SOMERSET, Pa. — More than 40 years after initial work began on U.S. Route 219, construction on a long-anticipated, four-lane highway from Somerset to Meyersdale will begin within the next month.
To mark the milestone, a groundbreaking ceremony was held Tuesday with a host of dignitaries in attendance, as well as residents who have long supported the completion of the stretch of highway.
Thomas Prestash, PennDOT District 9, said the 11-mile portion of highway will be competed over the course of five years and work will be completed in three phases — earthwork, bridges and pavement. The bid for the earthwork was awarded earlier this year to the Joseph B. Fay Co., which submitted a bid of $110,648,000.
The entire project is expected to cost $305 million.
Prestash said the project is the result of the dedication of many individuals and representatives and a determination by residents in both Pennsylvania and Maryland.
“This project is a long time coming,” he added.
Pennsylvania Lt. Gov. Jim Cawley commended the project and said it it is time to move forward after decades of delays. He said the completion of this portion will create 9,000 jobs, directly and indirectly, provide a safe roadway for travelers and spur economic development. Cawley praised the efforts of U.S. Rep. Bill Shuster for his dedication in securing funding for the project.

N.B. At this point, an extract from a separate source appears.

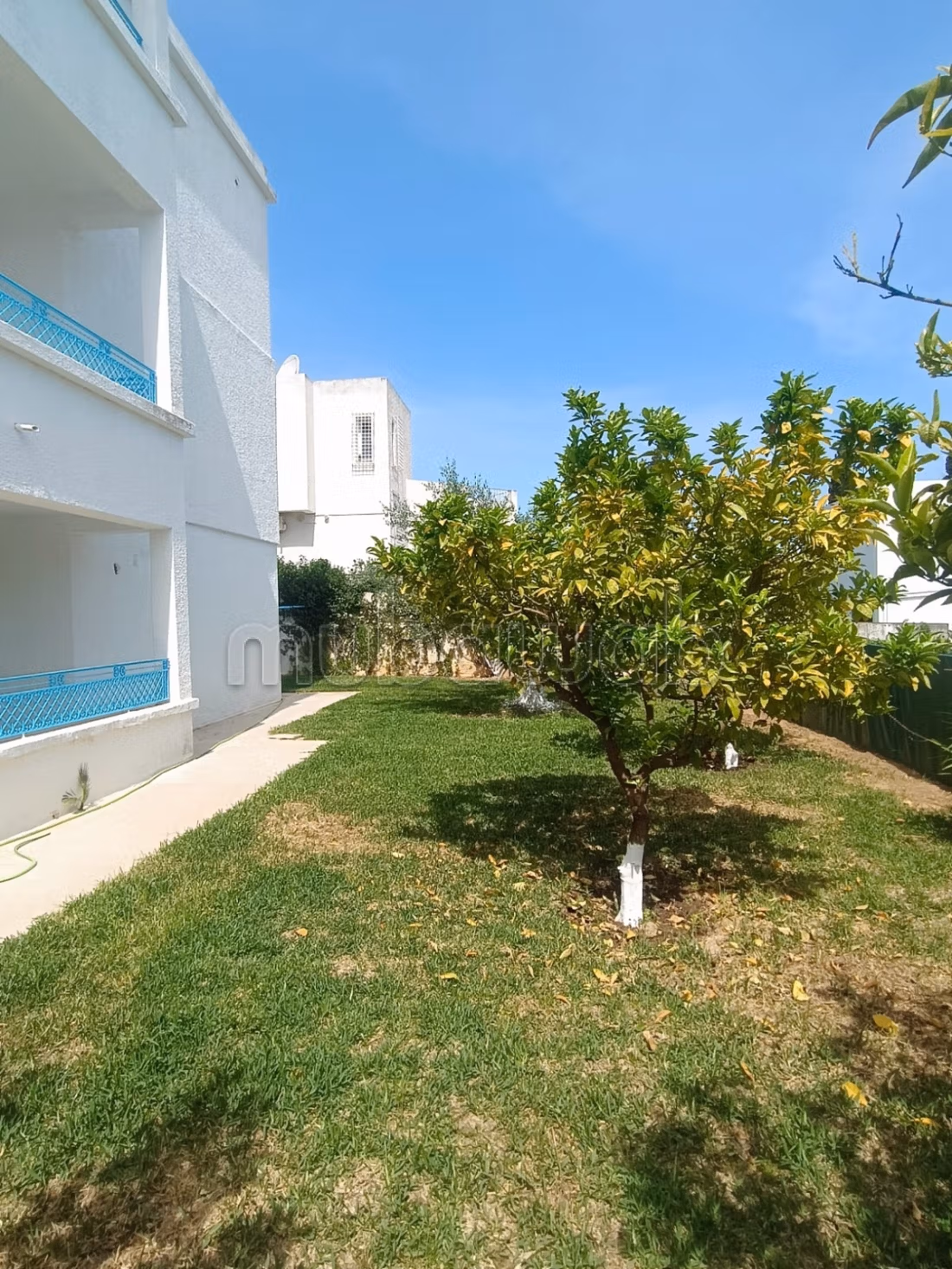 In Vendita Villa 3 Livelli Separati 697m² El Menzah 7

“We have been waiting for this day for more than 40 years, but this is not the end — we need to finish 219 to the Maryland line connecting to Interstate 68. This is more than a highway, this is going to be 70 miles of opportunity made possible by all of us working together to make great things happen,” Cawley said.
Throughout the ceremony, speakers remarked on the belief that the completion of the highway will play a significant role in economic development for communities along the corridor, but only if the road is linked to I-68.

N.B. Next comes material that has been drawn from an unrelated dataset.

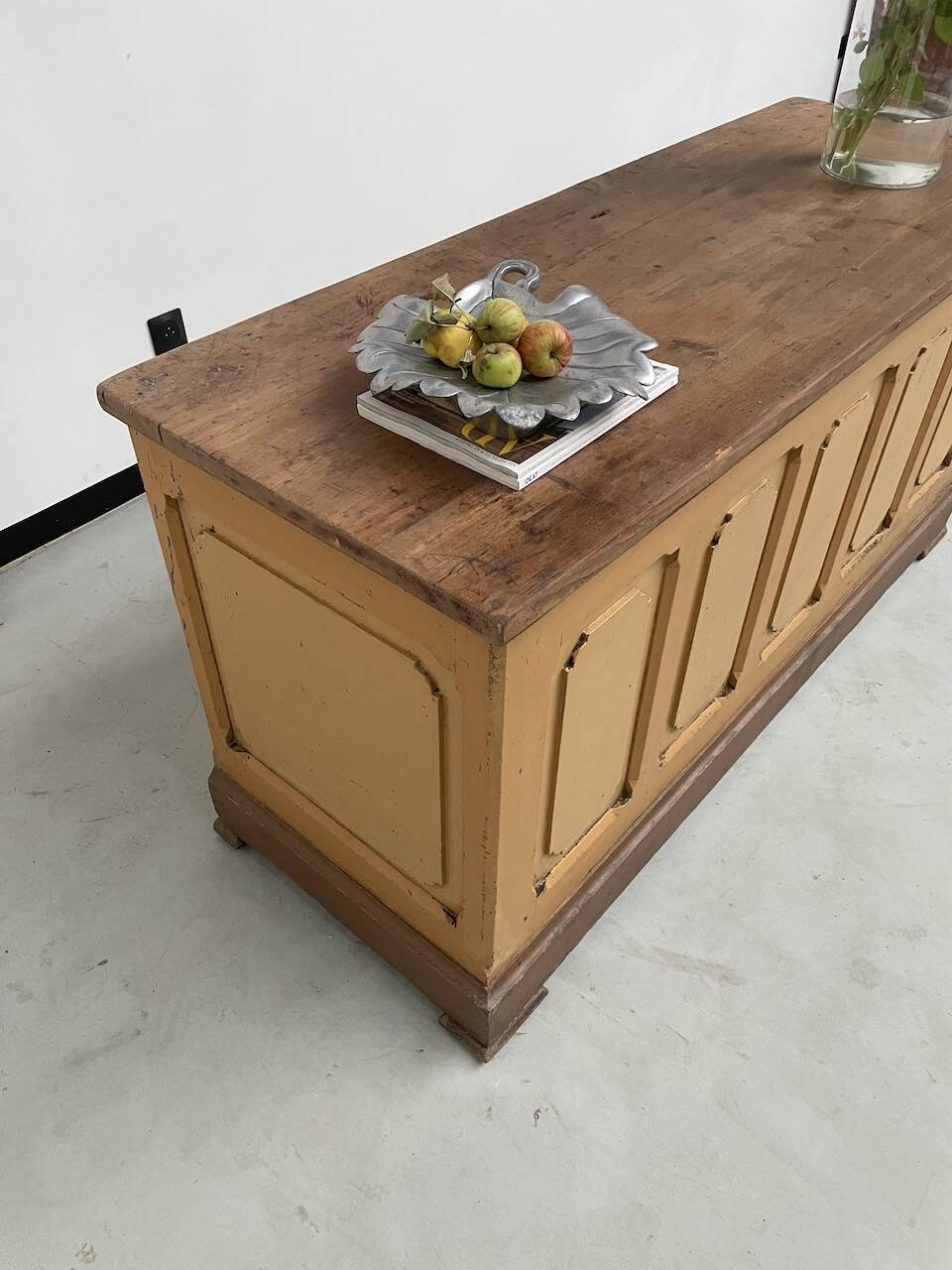 Yellow patina commercial counter from the 50s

“Many years of hard work and perseverance have paid off and it is our day to celebrate,” said Somerset County Commissioner John Vatavuk. “However, the job is not complete and we must continue our efforts to complete the remaining seven miles to the Maryland border. The Somerset County Commissioners want to thank The Greater Cumberland Committee, especially Colleen Peterson and David Moe, for their support and efforts to help the residents of Somerset County.”
Moe and members of TGCC were among guests for the event and also expressed their pleasure that the road will be a reality.

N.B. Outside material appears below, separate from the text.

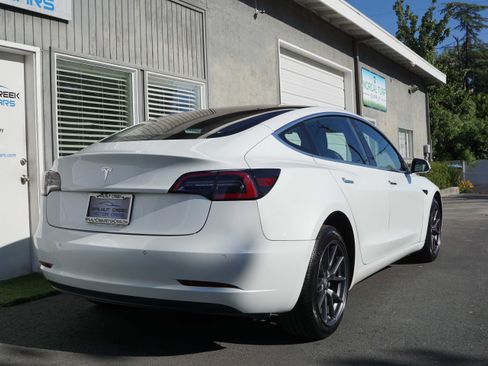 Used 2018 Tesla Model 3 Long Range RWD image 21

“Back in 2007, when Penn-DOT canceled work on both sections of 219 south from Somerset to Interstate 68 in Maryland they told us they couldn’t proceed because they couldn’t use toll credits for the required state match for federal funds. Well, we buckled down, went to Washington, D.C., several times over the previous years and worked with our federal legislators in our three states and got that changed,” Moe said. “So in a way this is a celebration of that event and a lot of people in our multistate North-South Appalachian Coalition played a significant part in bringing about this groundbreaking event.
“But the job is not done. We have only 10 more miles in Pennsylvania and Maryland combined to go to bring a four-lane, divided 219 to Interstate 68 in Maryland. Then there will be 77 miles of four-lane, divided highway infrastructure that will bring significant jobs and growth to our region.”
Brenda Smith, executive director of TGCC, said the organization considers the completion of 219 to Maryland to be a top priority.
“Through a shared vision across county and state lines, and by building partnerships through strong leadership by the members of TGCC’s North/South Core Work Group and the North/South Coalition, this groundbreaking offers evidence of what is truly possible when we work together for the common good. We are pleased to be associated with this project, but share the sentiment of our project coordinator, Dave Moe, this is an important step, but there is still a great deal of work to do,” Smith said.
On Thursday, Pennsylvania Gov. Tom Corbett responded to an offer by Maryland Gov. Martin O’Malley to assist with the planning costs associated with the final leg of the project. In the letter, Corbett indicated a willingness to work with Maryland officials to begin the planning process, but emphasized that, at this time, no funds are available to complete the road from Meyersdale to I-68.
Officials from both states celebrated the beginning of this latest project, but pledged to continue to lobby for the highway to be completed.
“Our work will not be done until U.S. Route 219 is linked to Interstate 68,” Vatavuk said.